Monday, March 1, 2010
Judicial Council Defers Considering Conflict of Interest Changes
By STEVEN M. ELLIS, Staff Writer
The Judicial Council on Friday deferred action on proposed amendments to the Administrative Office of the Courts’ Conflict of Interest Code in the face of complaints by a dissident judge’s group over adequate notice.
Los Angeles Superior Court Judge Charles Horan of the Alliance of California Judges said the council agreed to shelve for the time being a proposal which would make changes to classifications determining the degree of financial disclosure required by AOC employees.
He said his group, which has been critical of the Judicial Council and the AOC, only found out about the proposed changes last Monday, and objected in an e-mail that day by Superior Court Judge Tia Fisher.
The Judicial Council originally placed the proposal on the consent agenda for the meeting of its Executive and Planning Committee on Friday, but decided to defer consideration “to a future meeting” after receiving Fisher’s e-mail, a spokesperson said.
Fisher objected that Government Code Sec. 87311.5 requires that review and preparation of conflict of interest codes for judicial agencies be carried out under procedures which guarantee “residents of the jurisdiction…adequate notice and a fair opportunity to present their views,” and that Sec. 87308 allows “any resident of the state” to seek judicial review.
“The report accompanying this agenda item makes it clear that the Conflict of Interest Code was never circulated prior to being placed on the Council consent agenda. The author takes the position that ‘because the AOC Conflict of Interest Code is an internal document that affects only AOC employees, this proposal was not circulated for comment.’....
“Obviously, this procedure deprives residents of the state of their due process rights.”
Horan said his group had no specific objections to the proposed changes, but only because “they haven’t been out there long enough to know” their full impact.
A Judicial Council report he provided indicated that the proposal would add “various classifications that [AOC] staff have determined should file Statements of Economic Interests, along with their required categories of disclosure,” and delete two classifications relating to architects which “no longer exist.”
The Judicial Council spokesperson characterized the changes as minor, and noted that the current AOC Conflict of Interest Code has been reviewed and subject to comment “on several different occasions.”

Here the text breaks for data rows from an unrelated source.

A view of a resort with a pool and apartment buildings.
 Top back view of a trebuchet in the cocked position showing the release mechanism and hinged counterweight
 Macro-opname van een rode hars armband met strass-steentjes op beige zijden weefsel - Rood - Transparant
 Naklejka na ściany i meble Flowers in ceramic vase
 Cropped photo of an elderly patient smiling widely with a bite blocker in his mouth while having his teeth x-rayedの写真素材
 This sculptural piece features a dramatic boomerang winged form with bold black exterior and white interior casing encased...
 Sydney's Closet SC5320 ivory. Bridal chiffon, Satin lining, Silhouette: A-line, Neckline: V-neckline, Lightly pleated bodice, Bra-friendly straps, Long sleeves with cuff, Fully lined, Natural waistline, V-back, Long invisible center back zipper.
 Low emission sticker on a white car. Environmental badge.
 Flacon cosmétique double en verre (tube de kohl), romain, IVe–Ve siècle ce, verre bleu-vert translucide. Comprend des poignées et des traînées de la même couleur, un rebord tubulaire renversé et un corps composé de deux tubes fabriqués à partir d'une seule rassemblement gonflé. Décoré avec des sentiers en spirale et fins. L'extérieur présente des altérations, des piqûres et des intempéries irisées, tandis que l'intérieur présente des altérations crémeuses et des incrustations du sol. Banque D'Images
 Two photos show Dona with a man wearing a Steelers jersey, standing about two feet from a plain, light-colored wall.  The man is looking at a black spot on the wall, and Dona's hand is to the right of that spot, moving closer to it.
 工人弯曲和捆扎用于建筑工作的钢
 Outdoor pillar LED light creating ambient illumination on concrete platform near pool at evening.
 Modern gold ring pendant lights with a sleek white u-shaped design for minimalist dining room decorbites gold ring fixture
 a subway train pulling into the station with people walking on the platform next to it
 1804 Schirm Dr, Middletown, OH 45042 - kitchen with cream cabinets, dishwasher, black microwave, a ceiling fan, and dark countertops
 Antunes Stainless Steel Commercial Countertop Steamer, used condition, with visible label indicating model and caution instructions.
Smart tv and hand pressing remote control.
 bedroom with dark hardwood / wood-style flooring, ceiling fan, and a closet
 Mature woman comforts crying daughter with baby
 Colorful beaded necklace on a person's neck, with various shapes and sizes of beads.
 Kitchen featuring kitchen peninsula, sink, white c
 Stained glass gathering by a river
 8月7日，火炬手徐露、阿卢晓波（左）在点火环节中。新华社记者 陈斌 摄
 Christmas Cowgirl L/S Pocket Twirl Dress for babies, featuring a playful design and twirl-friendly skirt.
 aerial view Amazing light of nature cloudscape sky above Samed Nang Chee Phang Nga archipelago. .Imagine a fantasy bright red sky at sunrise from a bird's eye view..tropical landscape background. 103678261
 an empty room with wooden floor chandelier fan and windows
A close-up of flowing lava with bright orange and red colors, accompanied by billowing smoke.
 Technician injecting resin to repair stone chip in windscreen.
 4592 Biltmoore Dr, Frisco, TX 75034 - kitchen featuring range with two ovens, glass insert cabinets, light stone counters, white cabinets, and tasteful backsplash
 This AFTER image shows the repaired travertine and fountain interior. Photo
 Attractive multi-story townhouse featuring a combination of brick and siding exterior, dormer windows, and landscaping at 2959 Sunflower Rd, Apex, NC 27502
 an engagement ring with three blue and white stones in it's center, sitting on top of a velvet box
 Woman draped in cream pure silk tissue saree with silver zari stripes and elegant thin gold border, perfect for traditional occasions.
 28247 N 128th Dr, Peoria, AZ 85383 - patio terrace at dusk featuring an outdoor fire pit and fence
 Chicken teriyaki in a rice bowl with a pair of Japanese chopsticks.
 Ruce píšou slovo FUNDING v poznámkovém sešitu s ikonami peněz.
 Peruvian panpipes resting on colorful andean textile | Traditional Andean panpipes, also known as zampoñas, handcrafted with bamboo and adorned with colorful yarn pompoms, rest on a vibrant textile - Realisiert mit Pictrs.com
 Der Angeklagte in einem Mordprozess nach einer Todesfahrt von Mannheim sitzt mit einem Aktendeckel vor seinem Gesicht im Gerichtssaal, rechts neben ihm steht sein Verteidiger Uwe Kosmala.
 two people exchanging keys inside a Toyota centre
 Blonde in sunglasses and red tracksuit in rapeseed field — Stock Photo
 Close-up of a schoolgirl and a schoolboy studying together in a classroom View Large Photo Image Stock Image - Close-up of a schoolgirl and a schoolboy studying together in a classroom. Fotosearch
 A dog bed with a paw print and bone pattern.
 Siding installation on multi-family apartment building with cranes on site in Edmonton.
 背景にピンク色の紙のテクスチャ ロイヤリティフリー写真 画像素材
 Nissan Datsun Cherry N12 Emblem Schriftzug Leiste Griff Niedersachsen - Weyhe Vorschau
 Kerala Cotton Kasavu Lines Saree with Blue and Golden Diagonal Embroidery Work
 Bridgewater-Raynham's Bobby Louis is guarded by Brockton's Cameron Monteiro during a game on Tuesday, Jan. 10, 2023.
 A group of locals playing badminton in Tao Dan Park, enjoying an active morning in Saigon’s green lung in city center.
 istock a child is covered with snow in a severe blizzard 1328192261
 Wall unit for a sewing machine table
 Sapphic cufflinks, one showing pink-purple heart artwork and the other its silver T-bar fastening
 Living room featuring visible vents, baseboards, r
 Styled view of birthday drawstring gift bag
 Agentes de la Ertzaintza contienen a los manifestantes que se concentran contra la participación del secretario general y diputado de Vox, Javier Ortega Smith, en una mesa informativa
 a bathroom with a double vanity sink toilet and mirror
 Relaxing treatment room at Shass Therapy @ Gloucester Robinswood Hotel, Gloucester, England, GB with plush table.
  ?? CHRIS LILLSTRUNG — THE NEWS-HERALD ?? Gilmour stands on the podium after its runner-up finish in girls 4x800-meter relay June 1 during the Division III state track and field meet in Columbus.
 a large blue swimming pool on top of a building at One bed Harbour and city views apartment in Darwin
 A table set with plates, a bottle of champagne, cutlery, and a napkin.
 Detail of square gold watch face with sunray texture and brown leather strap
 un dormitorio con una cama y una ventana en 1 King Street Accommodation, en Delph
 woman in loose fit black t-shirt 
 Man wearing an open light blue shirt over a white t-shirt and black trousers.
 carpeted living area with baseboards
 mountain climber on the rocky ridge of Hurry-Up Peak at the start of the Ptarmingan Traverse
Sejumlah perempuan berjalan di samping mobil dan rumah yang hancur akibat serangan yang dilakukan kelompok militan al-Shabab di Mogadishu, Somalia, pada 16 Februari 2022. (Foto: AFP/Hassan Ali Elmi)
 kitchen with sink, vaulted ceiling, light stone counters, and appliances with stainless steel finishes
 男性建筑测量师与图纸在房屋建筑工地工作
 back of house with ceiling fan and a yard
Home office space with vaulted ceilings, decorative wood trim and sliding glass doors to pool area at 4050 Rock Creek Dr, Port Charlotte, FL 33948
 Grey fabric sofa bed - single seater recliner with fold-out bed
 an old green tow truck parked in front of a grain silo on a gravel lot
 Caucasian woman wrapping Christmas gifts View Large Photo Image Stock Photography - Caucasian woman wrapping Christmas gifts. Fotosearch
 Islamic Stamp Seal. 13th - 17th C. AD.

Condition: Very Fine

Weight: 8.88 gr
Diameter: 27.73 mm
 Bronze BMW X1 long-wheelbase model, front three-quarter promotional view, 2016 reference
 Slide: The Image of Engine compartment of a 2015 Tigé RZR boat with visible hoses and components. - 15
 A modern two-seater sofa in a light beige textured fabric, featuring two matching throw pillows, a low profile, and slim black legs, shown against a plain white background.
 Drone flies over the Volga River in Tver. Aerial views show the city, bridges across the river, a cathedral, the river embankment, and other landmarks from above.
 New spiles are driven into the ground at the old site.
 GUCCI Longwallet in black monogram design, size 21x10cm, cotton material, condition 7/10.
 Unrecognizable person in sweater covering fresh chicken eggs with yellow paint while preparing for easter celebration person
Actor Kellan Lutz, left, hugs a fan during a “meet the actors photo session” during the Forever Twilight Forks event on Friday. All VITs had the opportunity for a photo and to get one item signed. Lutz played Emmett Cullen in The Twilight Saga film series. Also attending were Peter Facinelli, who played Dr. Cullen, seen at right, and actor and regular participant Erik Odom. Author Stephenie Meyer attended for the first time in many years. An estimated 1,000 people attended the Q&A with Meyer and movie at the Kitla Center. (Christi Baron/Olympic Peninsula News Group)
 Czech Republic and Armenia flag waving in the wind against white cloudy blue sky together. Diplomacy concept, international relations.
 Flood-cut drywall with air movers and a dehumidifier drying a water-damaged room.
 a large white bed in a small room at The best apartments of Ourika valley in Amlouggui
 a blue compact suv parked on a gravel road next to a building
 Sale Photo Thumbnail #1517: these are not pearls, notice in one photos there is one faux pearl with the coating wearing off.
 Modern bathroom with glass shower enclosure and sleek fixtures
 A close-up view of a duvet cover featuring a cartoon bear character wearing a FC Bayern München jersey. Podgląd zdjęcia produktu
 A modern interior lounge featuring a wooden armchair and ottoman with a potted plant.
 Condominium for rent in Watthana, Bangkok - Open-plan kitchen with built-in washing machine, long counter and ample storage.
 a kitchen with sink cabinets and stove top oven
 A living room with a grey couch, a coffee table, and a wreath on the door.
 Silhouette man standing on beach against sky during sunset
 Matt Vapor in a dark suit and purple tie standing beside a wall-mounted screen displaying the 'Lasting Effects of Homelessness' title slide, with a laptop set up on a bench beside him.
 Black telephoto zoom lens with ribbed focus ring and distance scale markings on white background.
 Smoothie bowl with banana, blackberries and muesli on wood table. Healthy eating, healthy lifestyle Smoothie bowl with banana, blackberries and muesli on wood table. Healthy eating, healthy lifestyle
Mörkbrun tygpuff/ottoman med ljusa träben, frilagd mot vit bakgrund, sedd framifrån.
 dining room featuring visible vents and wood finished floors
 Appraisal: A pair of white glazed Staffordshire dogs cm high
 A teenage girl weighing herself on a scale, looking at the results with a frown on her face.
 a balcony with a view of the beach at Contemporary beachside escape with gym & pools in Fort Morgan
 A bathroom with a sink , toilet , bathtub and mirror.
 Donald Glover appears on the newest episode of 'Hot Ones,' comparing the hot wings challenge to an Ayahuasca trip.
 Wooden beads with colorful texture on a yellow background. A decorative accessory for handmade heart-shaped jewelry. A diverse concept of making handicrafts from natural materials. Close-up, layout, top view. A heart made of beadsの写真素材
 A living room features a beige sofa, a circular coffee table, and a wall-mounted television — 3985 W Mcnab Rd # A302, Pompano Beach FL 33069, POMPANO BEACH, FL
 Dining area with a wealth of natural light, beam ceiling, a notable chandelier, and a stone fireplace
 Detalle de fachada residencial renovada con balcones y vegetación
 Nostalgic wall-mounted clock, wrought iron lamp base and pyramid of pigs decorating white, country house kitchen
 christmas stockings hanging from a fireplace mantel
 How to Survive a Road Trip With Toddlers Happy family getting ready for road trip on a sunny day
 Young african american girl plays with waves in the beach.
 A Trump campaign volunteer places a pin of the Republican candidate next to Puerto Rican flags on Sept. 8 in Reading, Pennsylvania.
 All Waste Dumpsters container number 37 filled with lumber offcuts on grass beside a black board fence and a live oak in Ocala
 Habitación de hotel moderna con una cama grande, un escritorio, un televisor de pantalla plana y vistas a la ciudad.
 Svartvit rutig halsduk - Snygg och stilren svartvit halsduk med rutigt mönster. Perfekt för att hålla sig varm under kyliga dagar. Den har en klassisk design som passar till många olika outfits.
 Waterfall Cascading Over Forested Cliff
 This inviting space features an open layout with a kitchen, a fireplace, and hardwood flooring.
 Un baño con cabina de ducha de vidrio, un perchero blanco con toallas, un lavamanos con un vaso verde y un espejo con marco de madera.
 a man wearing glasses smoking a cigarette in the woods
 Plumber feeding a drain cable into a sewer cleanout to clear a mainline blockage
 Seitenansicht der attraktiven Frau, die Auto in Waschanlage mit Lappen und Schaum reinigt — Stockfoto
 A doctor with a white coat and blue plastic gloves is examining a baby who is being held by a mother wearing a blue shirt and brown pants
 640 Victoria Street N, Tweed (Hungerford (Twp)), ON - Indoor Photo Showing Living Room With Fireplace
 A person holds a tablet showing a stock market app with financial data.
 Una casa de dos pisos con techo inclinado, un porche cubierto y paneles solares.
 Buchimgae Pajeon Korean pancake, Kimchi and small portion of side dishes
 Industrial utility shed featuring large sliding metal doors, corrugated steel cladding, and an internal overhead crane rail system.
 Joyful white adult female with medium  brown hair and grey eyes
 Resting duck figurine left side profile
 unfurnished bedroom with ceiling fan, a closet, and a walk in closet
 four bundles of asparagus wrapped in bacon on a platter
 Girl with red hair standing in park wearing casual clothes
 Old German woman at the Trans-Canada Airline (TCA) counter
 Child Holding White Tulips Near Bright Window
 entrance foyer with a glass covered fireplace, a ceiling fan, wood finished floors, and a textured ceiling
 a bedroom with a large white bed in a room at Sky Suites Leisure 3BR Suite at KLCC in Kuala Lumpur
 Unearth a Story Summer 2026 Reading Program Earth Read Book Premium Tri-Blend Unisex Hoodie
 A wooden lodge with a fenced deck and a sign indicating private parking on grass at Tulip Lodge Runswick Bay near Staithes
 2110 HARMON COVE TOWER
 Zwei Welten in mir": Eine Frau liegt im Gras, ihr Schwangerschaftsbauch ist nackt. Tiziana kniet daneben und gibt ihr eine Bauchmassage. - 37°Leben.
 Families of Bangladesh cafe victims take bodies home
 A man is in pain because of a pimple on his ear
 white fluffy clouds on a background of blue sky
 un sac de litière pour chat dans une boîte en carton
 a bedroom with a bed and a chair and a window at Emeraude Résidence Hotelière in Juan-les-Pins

However, Horan—citing what he described as an increasing reliance by the AOC on consultants, who are subject to the highest degree of disclosure of financial interests—speculated the changes might be related to AOC Director William Vickrey’s ability in certain instances to demonstrate that consultants dealing with narrow tasks are excused from some disclosure requirements.
Horan acknowledged that Vickrey’s power to do so was “legal,” but said his group wants to know how often that occurs with how many consultants, and a list of such individuals’ duties.
The judge also took issue with what he deemed initial reluctance by the AOC to share Fisher’s e-mail with individual members of the council at the meeting, but the council spokesperson said a copy was provided to council members last Thursday.